NEH funds development of first-ever online, bilingual portal to several Franco American archives
A University of Maine initiative to create a first-ever bilingual portal to Franco American heritage records from archives in the United States and Canada has received a nearly $60,000 grant from the National Endowment for the Humanities.
Franco American Programs at UMaine, which is spearheading the Franco American Portal, also was awarded $10,000 from the Maine Bicentennial Commission for a similar project titled “Where Were You.” That effort involves developing an online public history, genealogy and map of Franco American populations in Maine.
Researchers of history and culture of the French Canadian and Acadian diaspora of New England sometimes struggle to find primary sources when pertinent records are not catalogued with relevant identifiers, or are otherwise difficult to access, says Susan Pinette, director of UMaine’s Franco American Programs. The online, bilingual Franco American Portal will make these Franco American records more visible, searchable and accessible to researchers, educators, students, genealogists and the general public, says Pinette, also a professor of modern languages.
The University of Southern Maine Franco-American Collection; University of Maine at Fort Kent Acadian Archives; Assumption College’s French Institute, Worcester, Massachusetts; and Saint Anselm College Msgr. Wilfrid H. Paradis Archives and Special Collections, Manchester, New Hampshire, joined UMaine’s Franco American Programs in developing the online gateway. Jacob Albert, project manager for UMaine’s Franco American Programs, guides portal development, and Pinette oversees it.
“Collaboration has been so important to every aspect of this project.

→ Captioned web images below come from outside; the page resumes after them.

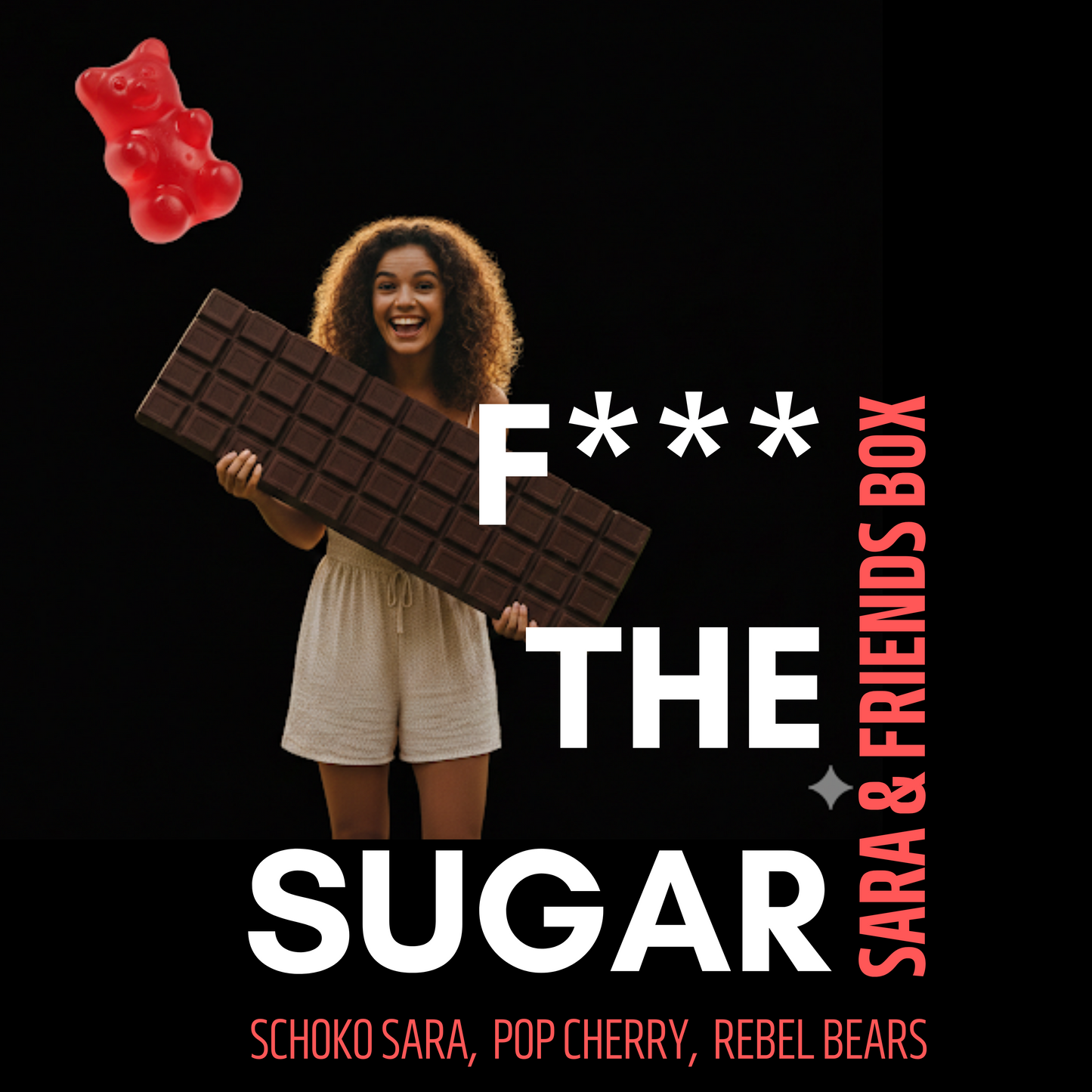 Die„Sara & Friends“ Box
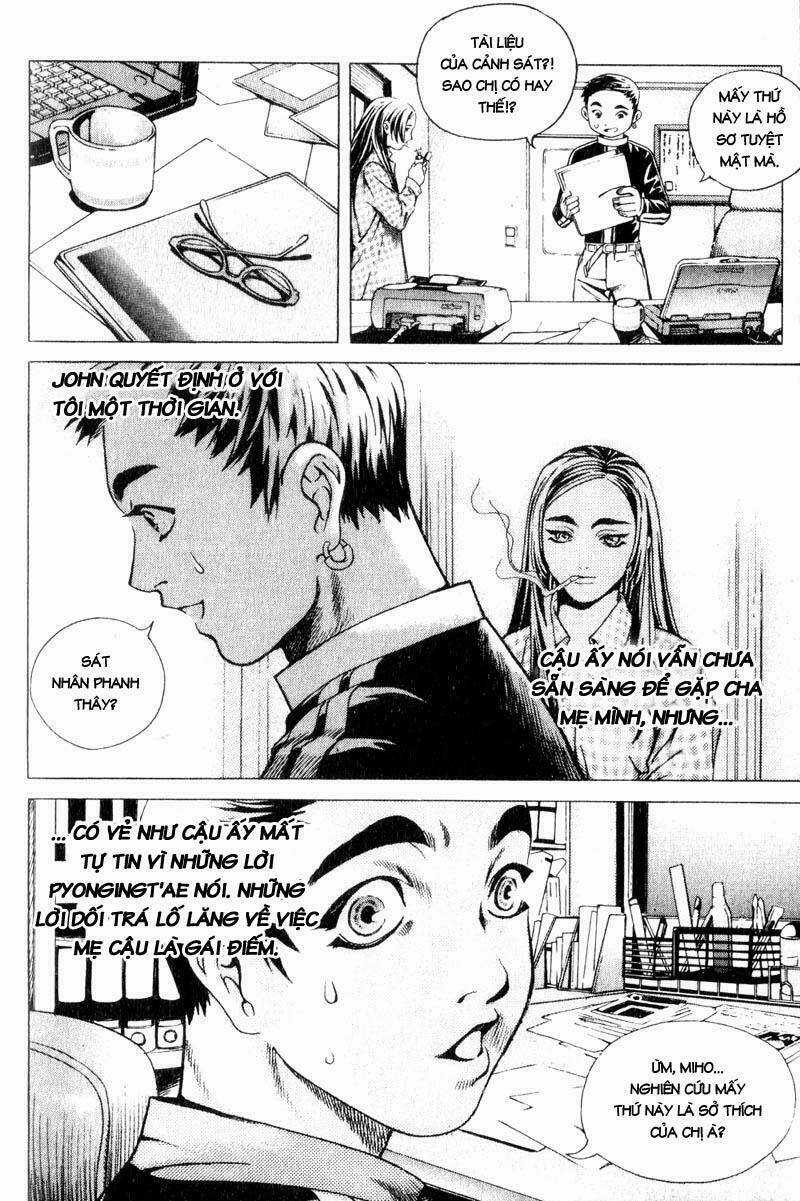 Đảo Địa Ngục Chapter 16 trang 8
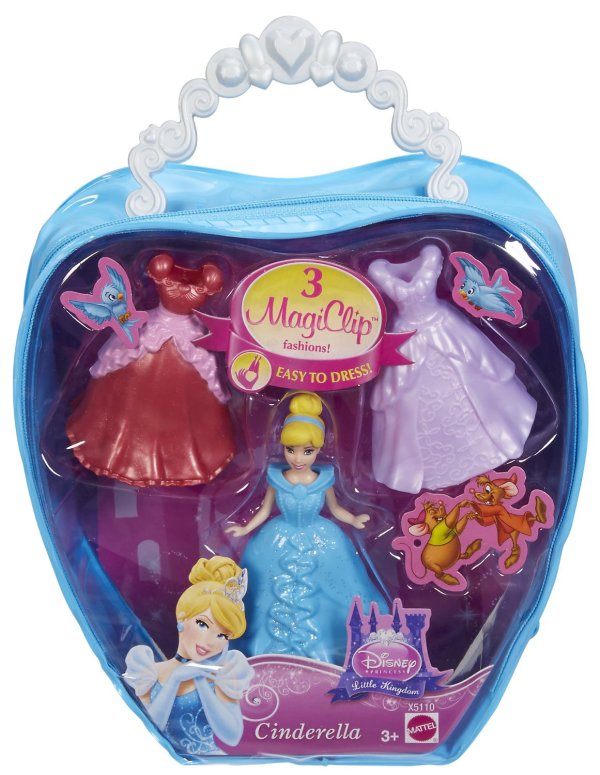 Cinderella Toys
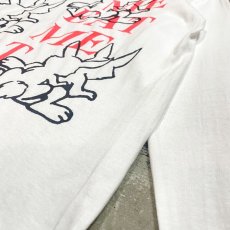 画像6: 【Wiz&Witch】"ONE OFF" PAST ARCHIVE L/S TEE / OS (6)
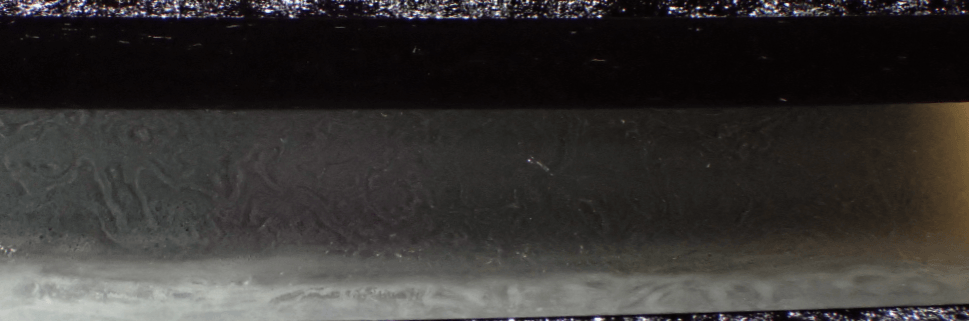 Jūyō - by Soshu Tametsugu - Tametsugu Juyo Token Katana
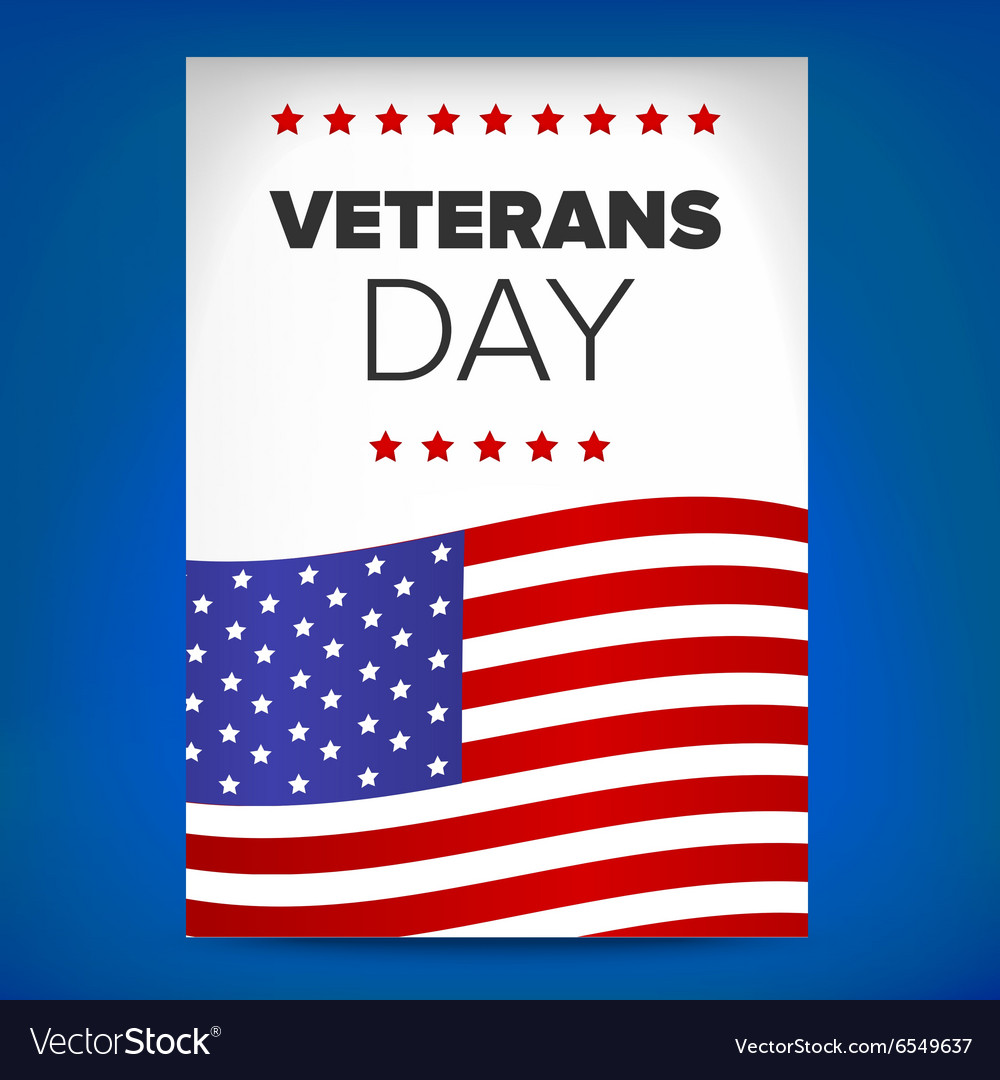 veterans day Template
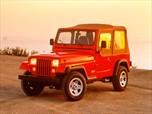 Used 1995 Jeep Wrangler S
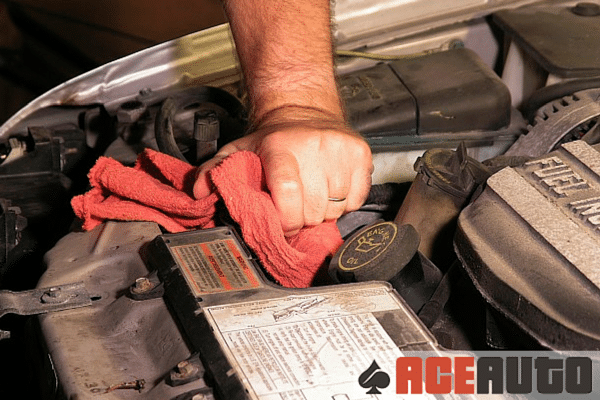 Radiator Service image for Ace Auto Repair in West Jordan, Utah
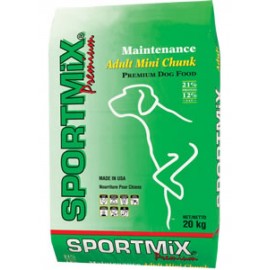 SPORTMIX 特級成犬狗糧 (細粒) 44lb （2包 $469/包)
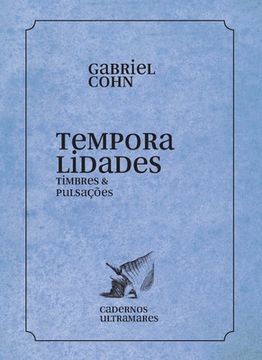 portada Temporaliades (en Portugués)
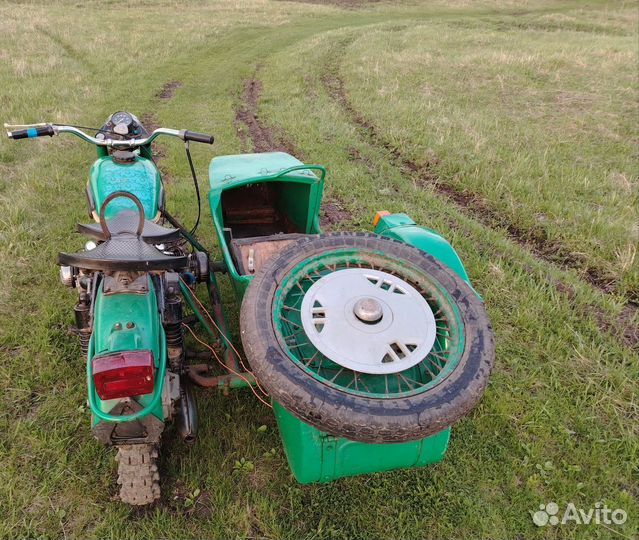 Мотоцикл урал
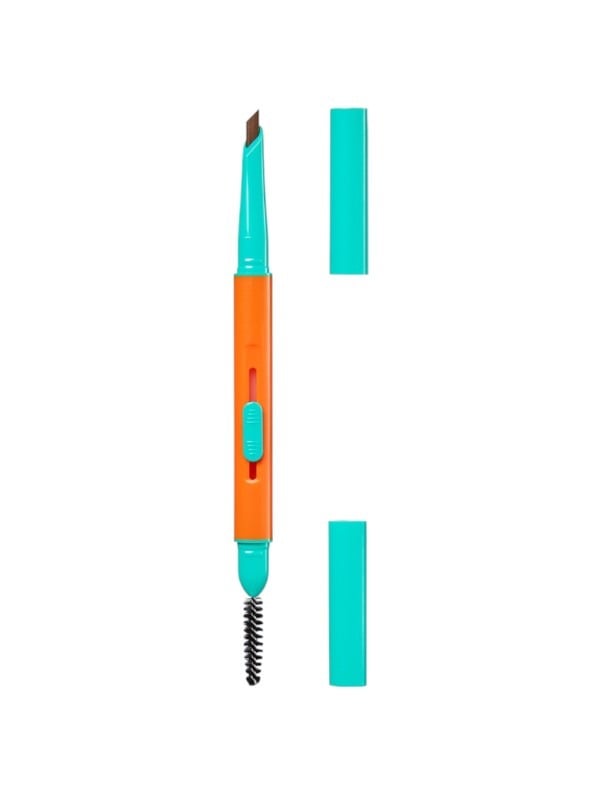 Trouble Maker Feral Brow Blade Pen Medium Brown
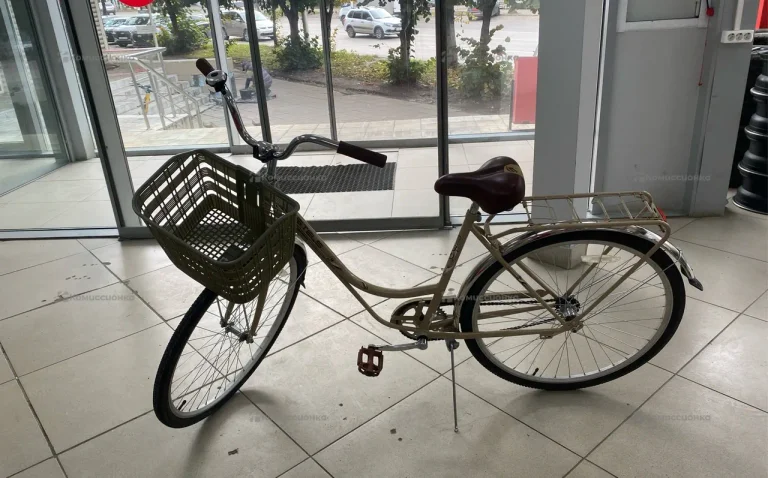 Велосипед Stels Navigator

Our portal is meant to help people discover disparate materials that are hard to find, but do so in a way that relies on the good work that collecting institutions do to preserve these materials and make them accessible,” Albert says. “This model allows materials that live all over North America to be in conversation with one another in a single space. The possibilities for research and understanding are so wide and so rich.”
The website will provide access to books, letters and other correspondence, scrapbooks, family and business records, photographs and other media depicting Franco American history, culture and people, all curated by the portal project team. Portal users will be able to browse and search through the catalog of records featured on the website, which the portal will categorize by indicators like place, family name, or subject. Once a user selects an item to view, the portal will connect them to that item at its original source in the digital sphere or a physical archive.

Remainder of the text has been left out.